Should a Calvinist be urgent about evangelism, missions and prayer, and do our actions in these areas really matter? That’s a question posed to me by several individuals in the last month, and I’d like to reflect on it. This question sometimes comes from Arminians who want to make the point that real human responsibility must rule out or greatly minimize divine sovereignty. But it can also come from those who adopt a hyper-Calvinist position, who push a view of divine sovereignty that rules out or greatly minimizes human responsibility.
The problem, I was told, is this—“as a Calvinist you believe in God’s unconditional election, and in the five points, etc.. According to this view, since God has already elected who will be saved, why witness, why send missionaries, why give money to them, why pray, and why get in a sweat about any of this?” The problem is really my problem, according to these individuals, because “you can’t believe in both of those things at the same time.”
My reply is—“who says I can’t?” The reason I do is because the Bible affirms both. It affirms the sovereignty of God in salvation (or as one of my students put it—“God’s God and you’re freaking not!”). But it also affirms the responsibility we have to bring the news of salvation to others with urgency and passion.

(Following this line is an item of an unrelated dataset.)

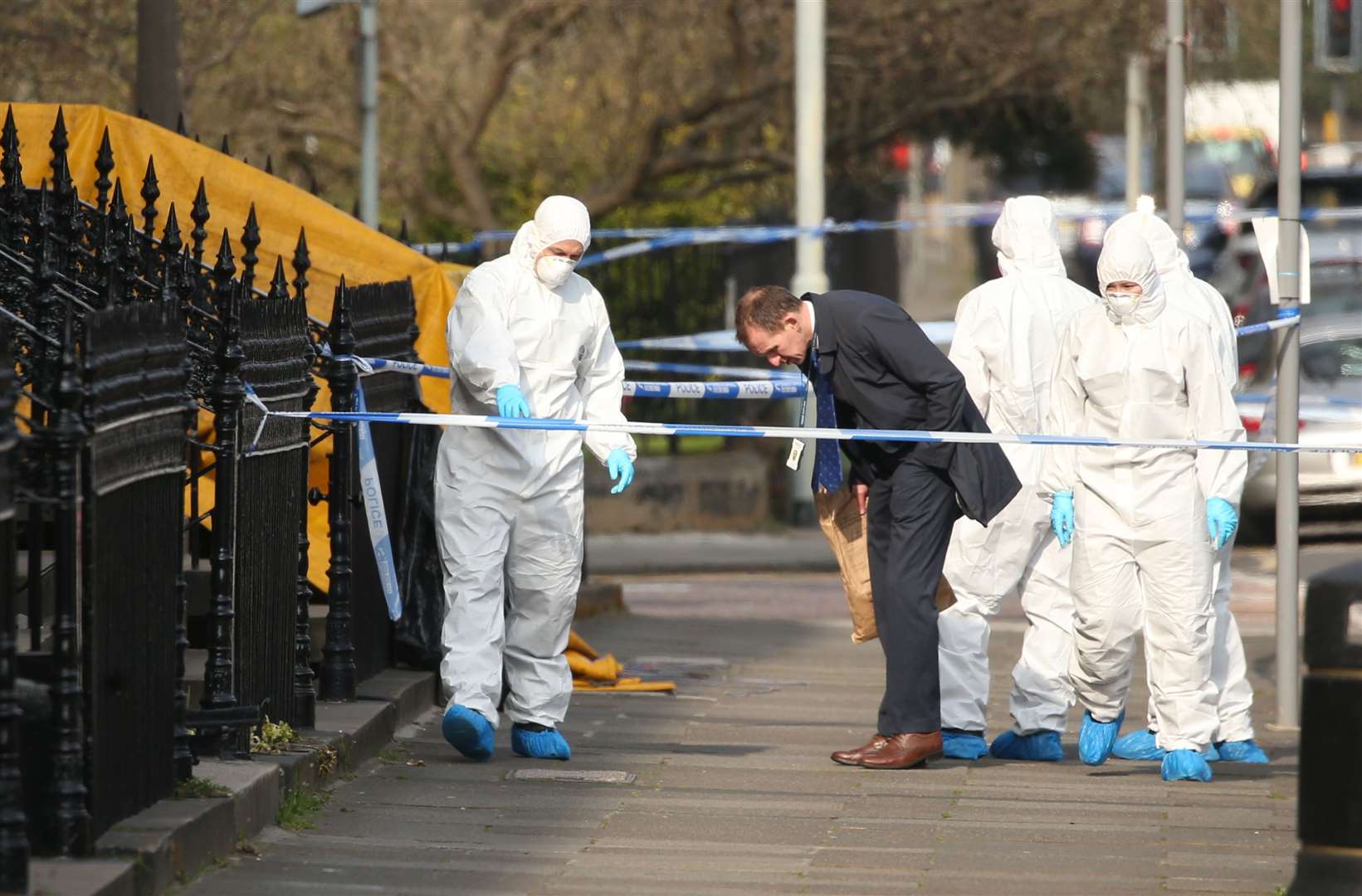 Police and forensics experts at the scene of Mr Welsh’s murder in Edinburgh’s west end (PA)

We can rejoice in God’s marvelous saving grace which rescues helpless people like us. But we can also rejoice that God invites people to himself through people like us. He commissions us– “Go therefore and make disciples of all nations” (Matthew 28.19).
Why do we go? Not only because we are commanded to. We also go because “the love of Christ compels us.” In 2 Corinthians 5 we read that Christ committed to us the message of reconciliation. We are his ambassadors. God makes his appeal through us. So Paul concludes “we implore you on Christ’s behalf: Be reconciled to God” (2 Corinthians 5.14-20).
The doctrine of election is not an excuse to do nothing. And perhaps that is the problem of only speaking of the so called “five points of Calvin.” Calvin believed a lot more than five points. If you know your church history, those five points were part of a very important theological debate that took place in Holland after Calvin was dead. Calvin himself was a Bible preaching pastor. Before he was a great theologian, he was a teacher of the Word. What he found in the sacred Scriptures was much more than five points, and he tried to be faithful to all that he found in the Bible.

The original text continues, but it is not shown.